WHERE TO STAY: In Fort Davis, the historic Hotel Limpia (on the town square, 800-662-5517, www.hotellimpia.com) is a charming throwback to the frontier days of the Old West, with broad porches, a Victorian lobby, wide corridors and high-ceilinged rooms and suites. And it's a bargain: Double rooms start at $89 per night, less if booking online. On our last trip, my family stayed in the hotel's cottage, a delightful 1940s two-bedroom bungalow with original furnishings nestled in the shadow of Sleeping Lion Mountain, for $139 a night. The Limpia's sister hotel in Marfa, the Hotel Paisano (207 N. Highland St., 866-729-3669, www.hotelpaisano.com), is equally beguiling, in more of a Southwestern, Spanish-hacienda style. You can ask for the James Dean room or the Rock Hudson or Elizabeth Taylor suites. Rooms start at $79 per night.
Alpine offers the historic Holland Hotel (209 W. Holland Ave., 800-535-8040, www.hollandhotel.net), in the middle of downtown, with 14 rooms and suites starting at $45 per night double.
WHERE TO EAT: With its old-fashioned soda fountain, the Fort Davis Drugstore on Main Street is great for breakfast and lunch; I love the BLTs. If it's Mexican food you crave, head for La Casita (1102 E. Avenue H) in Alpine. The ambiance isn't much, but locals say the food is the best north of the border, and I'm with them. Lunch for four is less than $30.
For dinner, Pop's Grill (Highway 17 just west of Fort Davis) offers good down-home food at reasonable prices, although there's no wine, as Jeff Davis County is dry. Dinner for four is about $60. For a somewhat fancier but still moderately priced meal, try Jett's Grill at the Hotel Paisano in Marfa, where dinner with wine runs about $120. For a splurge, the Reata Restaurant (203 N. Fifth St.) in Alpine serves great steaks; dinner for four with wine was just under $200. Maiya's (103 N. Highland Ave.), down the street from the Paisano in Marfa, will deceive you into thinking you've stumbled into someplace on the Upper West Side, with its avant-garde menu, chichi decor and New York (or at least D.C.) prices; dinner with wine came to nearly $350, including the tip. Good, though.
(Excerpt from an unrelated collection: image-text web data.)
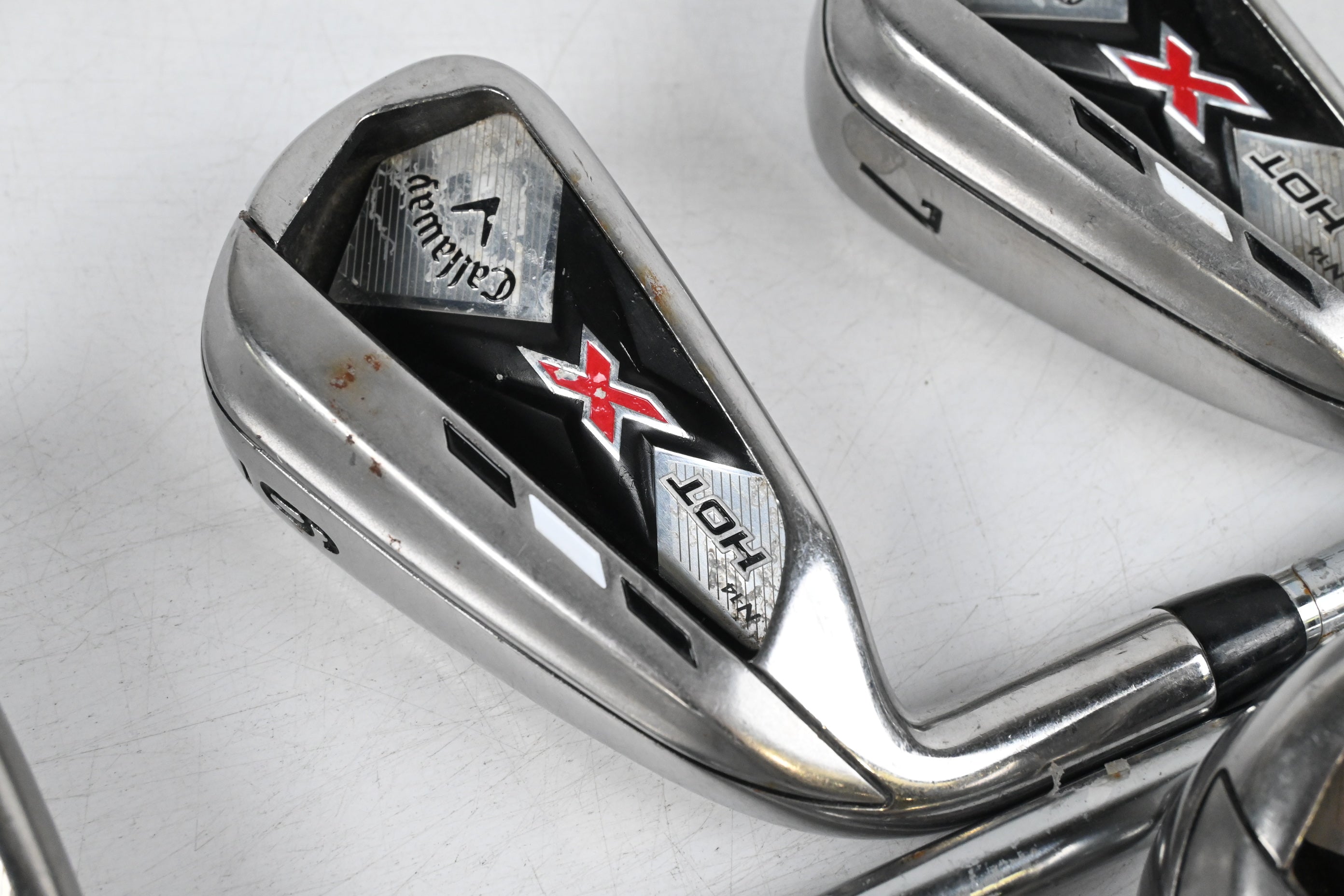 Left Hand Callaway X Hot Irons / 5-PW+GW / Uniflex Callaway X Hot Shafts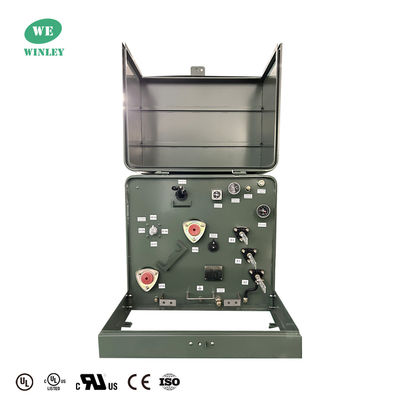 comprar Transformador de fase única montado em pads líquido 100Kva 12470GrdY/7200 DOE 2016 classificações de eficiência Fabricação em linha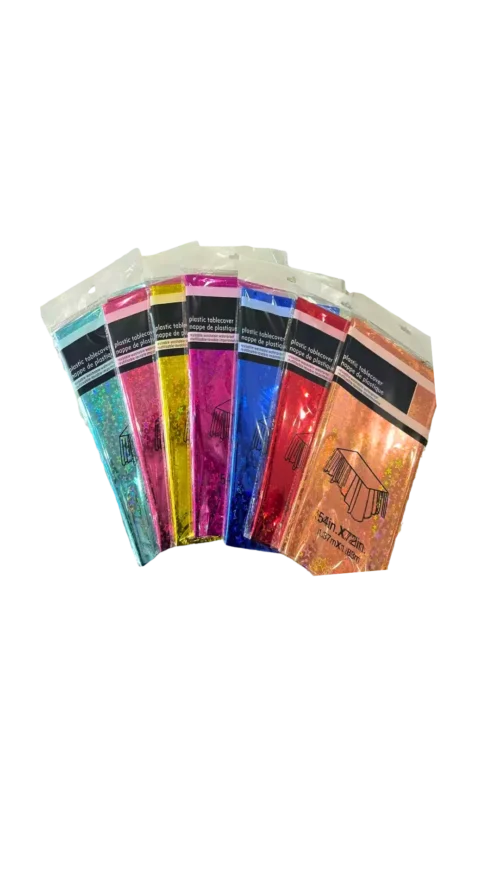 Solo se que nada se (60) Manteles Metalizado Holografico de Estrellas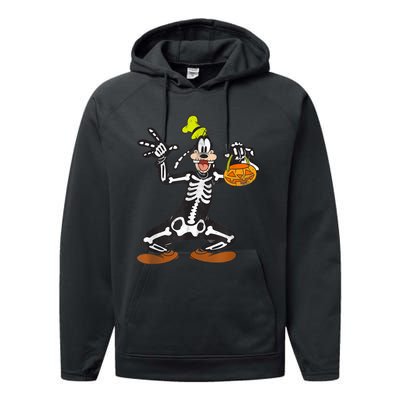 Goofy Skeleton Performance Fleece Hoodie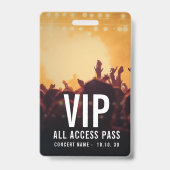 Custom Name VIP All Access Pass Concert バッジ (正面)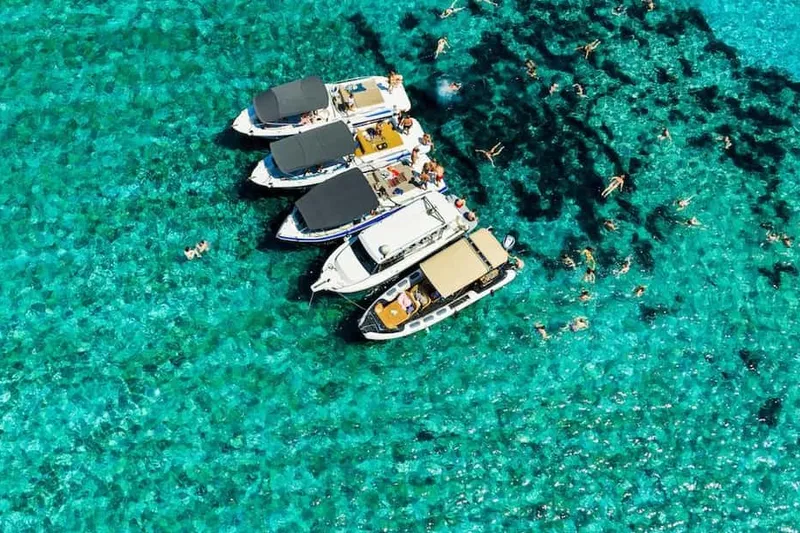 Blue Lagoon & 3 Islands Speedboat Tour | Small Group — a boat tour from Split, Croatia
WHAT TO DO: The largely restored Fort Davis National Historic Site (432-426-3224, Ext. 20, www.nps.gov/foda) is considered one of the best remaining examples of a frontier military post. The McDonald Observatory (17 miles from Fort Davis on Highway 118), a major astronomical research facility, hosts constellation-viewing "star parties" three nights a week, as long as the weather is cloudless. Details: 432-426-3640, www.as.utexas.edu/mcdonald/mcdonald.html.
In Marfa, the Chinati Foundation (1 Calvery Row, 432-729-4362, www.chinati.org; $10) is a contemporary art museum that sculptor Donald Judd founded in the late 1970s. Dedicated to permanent installations of large-scale works, it features art by Judd, Claes Oldenburg, John Chamberlain and others. The Scenic Loop, a 75-mile drive through the Davis Mountains, is full of surprises, from Sawtooth Mountain to the cattle that just might be taking a snooze in the middle of the road.
INFORMATION: Fort Davis Chamber of Commerce, 800-524-3015, www.fortdavis.com; Marfa Chamber of Commerce, 800-650-9696, www.marfacc.com; Alpine Chamber of Commerce, 800-561-3735, www.alpinetexas.com.